On 06/06/2016 10:11 AM, Guido van Rossum wrote:
On Mon, Jun 6, 2016 at 4:23 AM, Sturla Molden <sturla.molden@gmail.com> wrote:
Guido van Rossum <guido@python.org> wrote:
I'm not sure I meant that. But if I have a 3rd party extension that compiles with 3.5 headers using C89, then it should still compile with 3.6 headers using C99. Also if I compile it for 3.5 and it only uses the ABI it should still be linkable with 3.6.
Ok, but if third-party developers shall be free to use a C89 compiler for their own code, we cannot have C99 in the include files. Otherwise the include files will taint the C89 purity of their source code.
Well, they should use the right compiler for the Python version they are targeting.

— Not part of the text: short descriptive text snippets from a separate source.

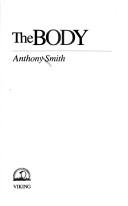 The body by Anthony Smith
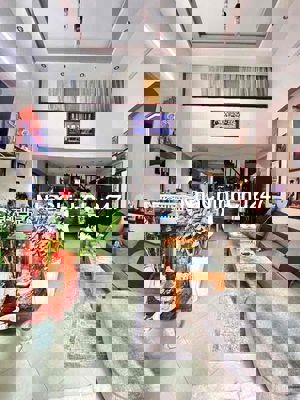 Chính chủ bán gấp nhà Âu Cơ Tân Thành 54m², ở ngay giá chỉ 5.95tỷ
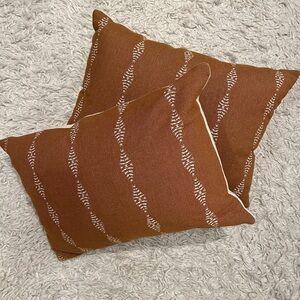 Set of 2 Studio McGee Pillows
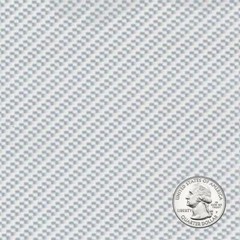 HYDROGRAPHIC FILM SILVER & CLEAR CARBON FIBER WATER TRANSFER FILM HYDRO DIPPING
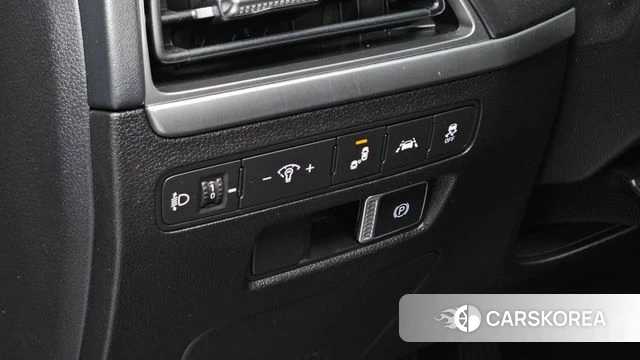Hyundai Palisade id 4637086 из Кореи 10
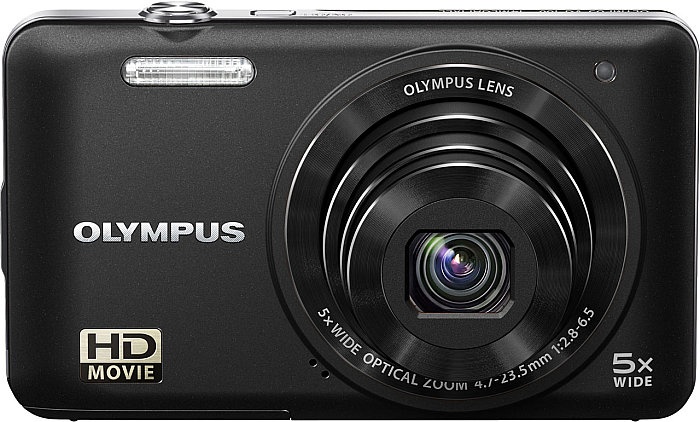 OLYMPUS VG-160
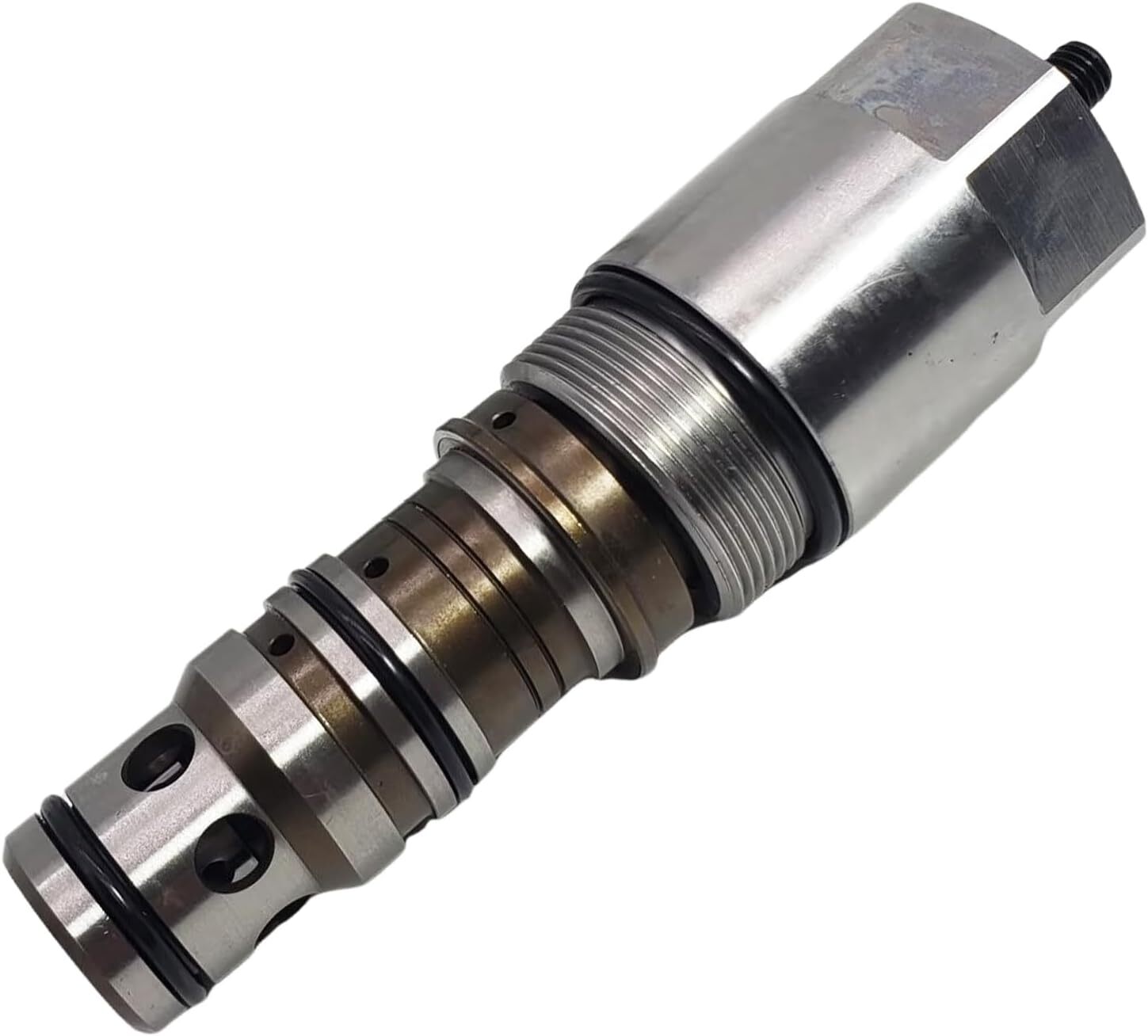 Flow Control Valve 4723238 for Hitachi ZX330-3G ZX330-1 ZX330LC-1 Excavator Q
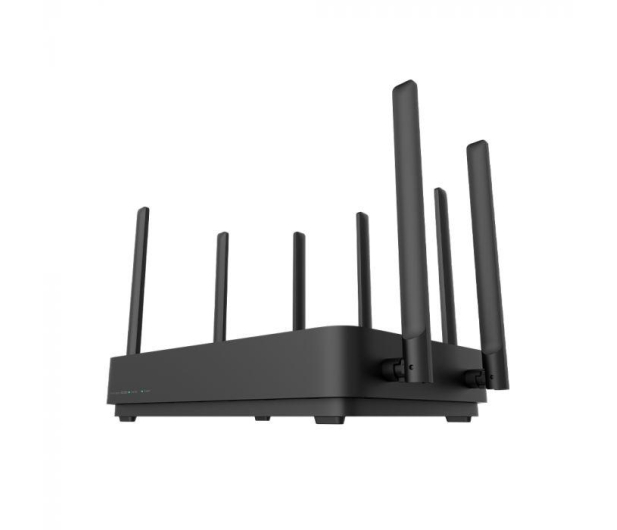 Xiaomi Mi AIoT Router AC2350 (2350Mb/s a/b/g/n/ac) - 573600 - zdjęcie 6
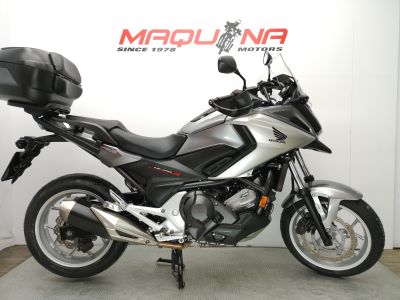 HONDA NC 750 X DCT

I'm just saying that they can't afford C99 features in their own code. Not even to call C/Python APIs. I think it would be okay if e.g. Py_INCREF was an inline function in Python 3.6, as long as the way you use it remains the same.
Right. So we could use C99 features in 3.6 .h files, as long as the same extension module, unmodified, could be compiled with 3.5 .h files with a 3.5 approved (C89) compiler, and also with a 3.6 approved (C99) compiler. The headers would be different, but so would the compilers. It's the extension module source code that must be the same in the two scenarios. We're not saying that an extension module must compile with a C89 compiler under 3.6. Eric.